Für die sicherlich nicht ernst gemeinten Hinweise, dass das Umfallen der Zeder niemanden interessieren sollte (Und wenn Sie fällt, na und?) oder keine Gefahr für Spaziergänger ausgeht, verweise ich nur auf das bestehende Verantwortungsbewusstsein der handelnden Personen in Bezug auf die Sicherungspflichten. Ich habe bisher noch niemanden unter meinen Gesprächspartnern gefunden, welcher freiwillig einer rein theoretischen Verantwortungsübernahme zugestimmt hätte.

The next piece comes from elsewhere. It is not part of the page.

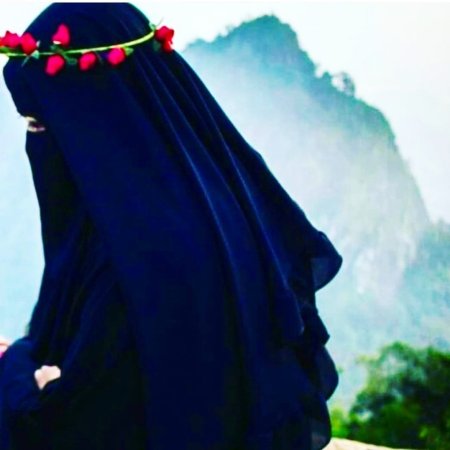 Никаб 3 женщины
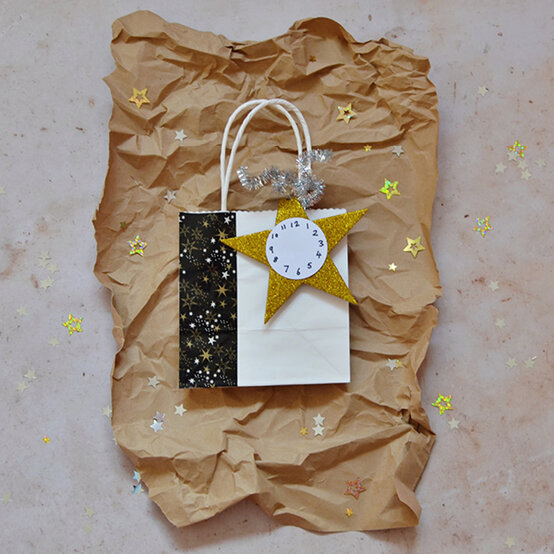 new-years-eve-kids-crafts3.jpg?sw=554&q=85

Ich bedanke mich abschließend für Ihr Interesse am Gartendenkmal Poensgenpark und insbesondere der Atlaszeder in der Hoffnung Ihnen die Sachlage verständlich dargelegt und unsere Entscheidungsgrundlage, die auch uns als zuständige Pfleger und Wahrer der Ratinger Grünflächen und  Parklandschaften schwer gefallen ist,  etwas näher gebracht zu haben.

Mit freundlichen Grüßen

im Auftrag:

gez. Frank Licht

Amtsleiter Stadt Ratingen – Der Bürgermeister

Meine Replik:

Sehr geehrter Herr Licht,

   haben Sie herzlichen Dank für Ihre sehr ausführliche Antwort. Ihre Ausführen haben mich  indessen von der absoluten Notwendigkeit, die Zeder jetzt  fällen zu müssen, nicht überzeugt.

 Es versteht sich, daß niemand das persönliche Risiko übernehmen will, auch bei noch so geringer Eintrittswahrscheinlichkeit für Personenschäden aufkommen zu müssen. Von daher ist bei den vorgebrachten Bedenken jeder Amtsträger oder politisch Verantwortliche besorgt, in Haftung genommen zu werden. Der Ratsbeschluss ist somit nachvollziehbar.

 Versicherungen sind darauf spezialisiert, solche Risiken abzuschätzen und auf der Basis von Eintrittswahrscheinlichkeiten und möglichen Schäden zu kalkulieren und Prämienangebote zu machen. Auch Sie würden sich nicht hinter das Steuer Ihres Autos setzen, wenn Sie nicht eine KFZ-Versicherung hätten, die Ihnen ein möglicherweise existenzgefährdendes Risiko abnimmt. Es entzieht sich meiner Kenntnis, ob dieser Gedanke, dieses spezielle Risiko gesondert abzusichern,  in der Verwaltung bereits aufgegriffen wurde.  

 Darüber hinaus möchte ich zu bedenken geben:  

 1. Sie schreiben, daß der Baum seit vielen Jahren vom Kiefern-Braunporling befallen sein.  Ich selbst habe die Zeder mehrfach aufgesucht und keine Fruchtkörper dieses  Pilzes gefunden. Das bedeutet natürlich nicht, daß das Myzelium dieses Pilzes nicht doch vorhanden ist. Vermutlich hat jemand in Fürsorge um den Baum die  an sich auffälligen Fruchtkörper einfach entfernt. Von daher will ich nicht den Befall nicht in Abrede stellen.

 2. Die Tatsache, daß die Zeder den schweren Stürmen und auch gegenwärtigen Starkwinden  bisher widerstanden hat, spricht ja gerade für deren  Standfestigkeit.

 3. Ein Sicherheitsbereich von 60 Metern rund um den Stamm ist m.E. übertrieben, da der Baum nur etwa halb so hoch ist. Zwar ist bei Baumfällungen in forstwirtschaftlicher Umgebung im Wald ein Sicherheitsbereich vom zwei- bis dreifachen  der Wipfelhöhe Vorschrift. Dies ist jedoch der Gefahr geschuldet, daß der Baum beim Fallen andere Bäume mitreißt. Diese Situation ist mit der am Standort der Zeder nicht vergleichbar.

 Der in den Raum gestellte Vorschlag, mittels einer Zugbelastung periodisch  die Standfestigkeit des Baumes zu testen, erscheint sinnvoll. Über ein Drahtseil, dessen Schlaufe auf halber Stammhöhe angebracht wäre, ließe sich eine Zug- und Rüttelbelastung simulieren, die einem schweren Sturm entspricht.